Following closely on the heels of the event, in September 2007, I did a write-up of what we thought happened. It took the form of an interview about the crisis with myself where I, with a lot of help from others at AQR, wrote the questions and the answers (I think you may catch me telling myself "that's a very good question"). Re-reading it today I think it holds up pretty well, though maybe it sounds a bit dated in places. So, I won't spend much time here reviewing the actual crisis other than to note that it was a true liquidity crisis, a trading "unwind." It was not some fundamental change. This is likely why it recovered so quickly (liquidity events are often highly temporal while "real" events are usually more lasting). Of course, "highly temporal" events can kill, so that isn't a dismissal, just a definition.

Let's agree that all-else-equal it would be nice to eliminate all strategies with big "left-tails" (i.e., strategies that can suffer statistically shocking down days or weeks.) We would all sleep better. But, all-else-is-not-always-equal. Some of those left-tailed strategies are pretty good. The obvious example is just getting long the stock market and earning the equity risk premium. It has a serious short-term left-tail 1  (e.g., October 1987 and August 1998) but also has been a great long-term strategy. To achieve those long-term returns you do have to survive those left‑tail events (survival as in staying solvent and invested but also not voluntarily throwing in the towel at the exact wrong time). 2

To start, we need to separate the ongoing debate about factor valuations from the question of short-term crash risk. In general, and not just for factors, valuations and short-term crash risk have a tenuous relationship at best. 3  Valuations have some predictive power for long horizon factor returns, more so for slower turnover factors (like the market itself and, to a lesser extent, the value factor) than for faster ones. 4  But small sample sizes can make long-horizon inferences difficult to make with confidence. Separately, we have also shown that factor valuation today is not very extreme. 5  This makes the question of whether valuation-based predictability "works" a pretty theoretical one right now. But, quite separate from valuation and the long-term outlook, because factor investing is so popular today, and the underlying strategies so well-known (at least in their basic forms), I've said as part of this, this, this, and this, that factor investing is now more vulnerable to short-term extreme turbulence (a polite euphemism for a few days of getting its butt absolutely kicked).

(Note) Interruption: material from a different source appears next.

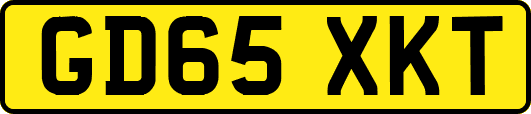 GD65XKT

This is the crux. Short-term extreme movements are a function of lots of people trying to do the same thing at the same time. 6 7  Of course many trying to do the same thing at the same time could itself be triggered by over-valuation. But, again, that link seems historically tenuous at best as value holds sway at the long- not short-term. 8 Further, as we discussed back in September of 2007, factor valuations were not extreme going into that August cyclone, and thus weren't the trigger then either. Irrespective of the specific trigger, it's hard to imagine coordinated mass selling of a factor strategy occurring without it being well-known and widely implemented. That seems almost definitional. 9 And, the factors were popular back in '07, similar to today. 10

So the next question is what can trigger sharp selling of a popular well-known strategy even if it's not very over-priced? Well, lots of things. I won't pretend that predicting such conflagrations is even vaguely a science, and I'd note that we didn't predict the August of 2007 quake nor did anyone else, as far as I know. 11  But we can identify a few of those things that can start the fire. For example, it could be something like a banking crisis, an abrupt regulatory change, or a loss of ability to maintain short positions. It could be triggered by poor performance if it's severe and abrupt enough to cause people to drastically reduce their desire to take risk in those strategies. It could particularly happen if there are large and sudden redemptions facilitated by investment terms linked to poor short term performance (for example, a structured product or fund with features that require immediate redemptions based on recent poor performance - we do think this combination contributed to the '07 crash). With all that said, we're still guessing. These are, by definition, rare and wild events. One of the only things we can be fairly certain about is that the next crisis won't be a repeat of the last but they probably will rhyme.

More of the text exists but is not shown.